◆ **Task directions**: Word for word, transcribe the listing that follows, minus any pictures.

[[ Supplied data open ]]

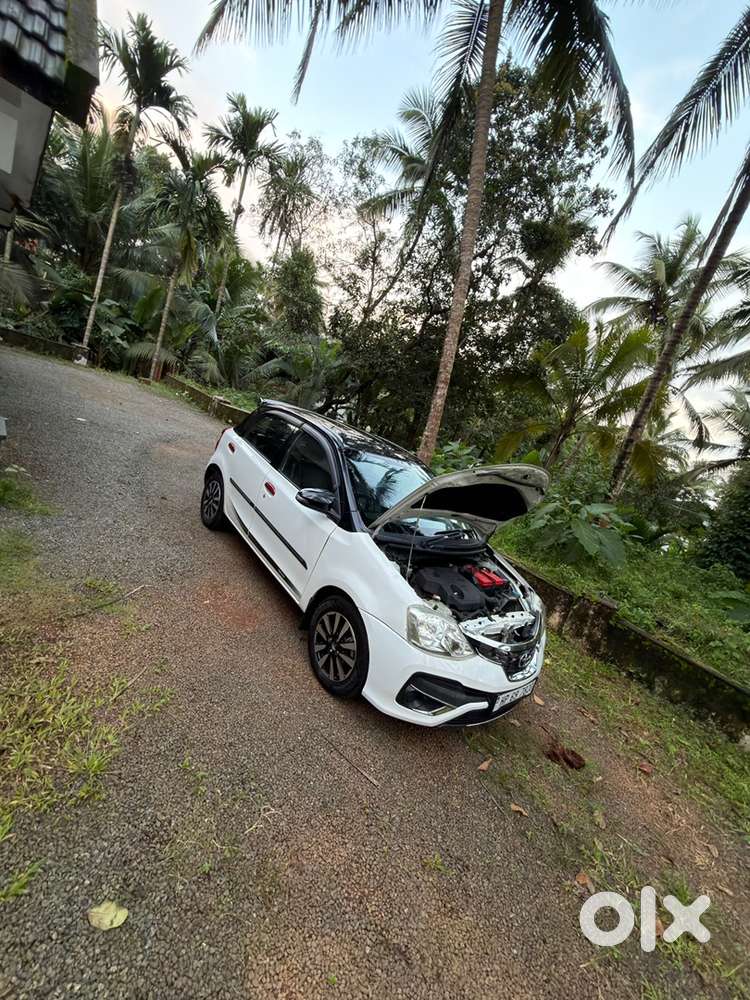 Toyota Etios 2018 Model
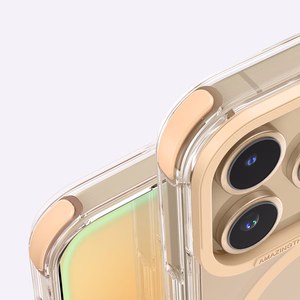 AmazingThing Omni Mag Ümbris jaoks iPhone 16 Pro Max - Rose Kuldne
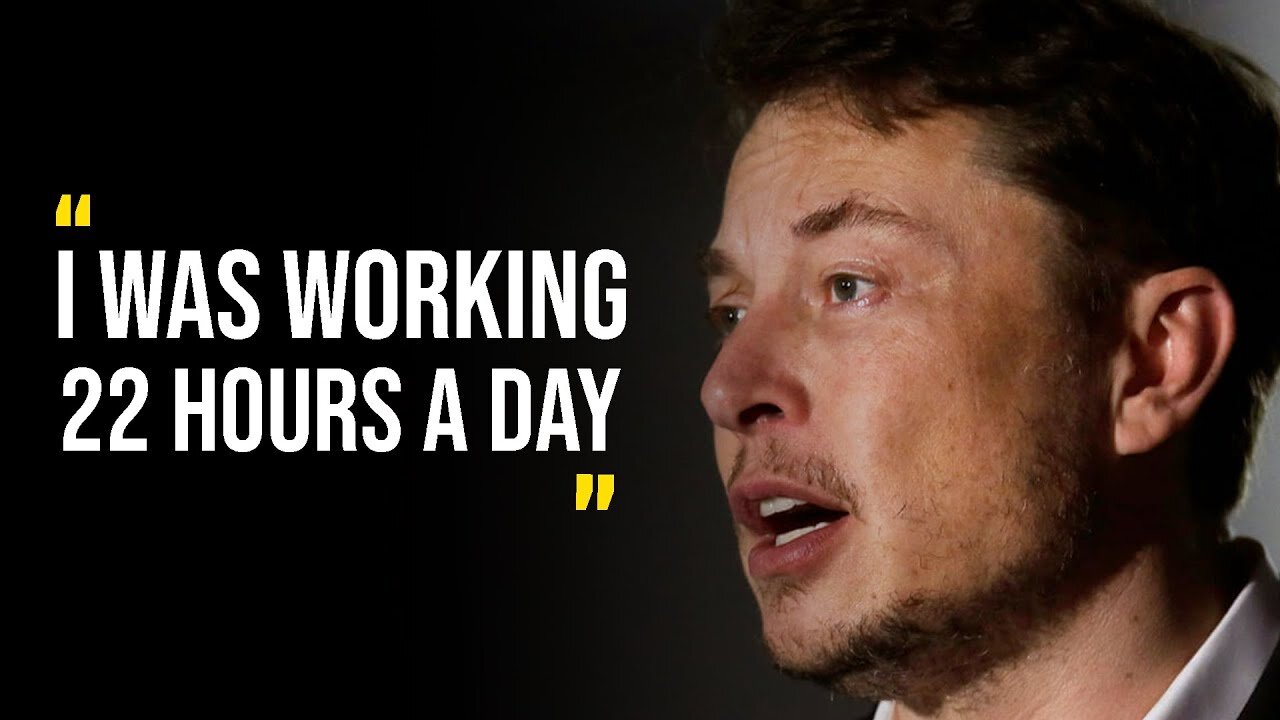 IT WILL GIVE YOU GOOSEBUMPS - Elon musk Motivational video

[[ Supplied data closed ]]

◆ **Task solution**:
 Toyota Etios 2018 Model
 AmazingThing Omni Mag Ümbris jaoks iPhone 16 Pro Max - Rose Kuldne
 IT WILL GIVE YOU GOOSEBUMPS - Elon musk Motivational video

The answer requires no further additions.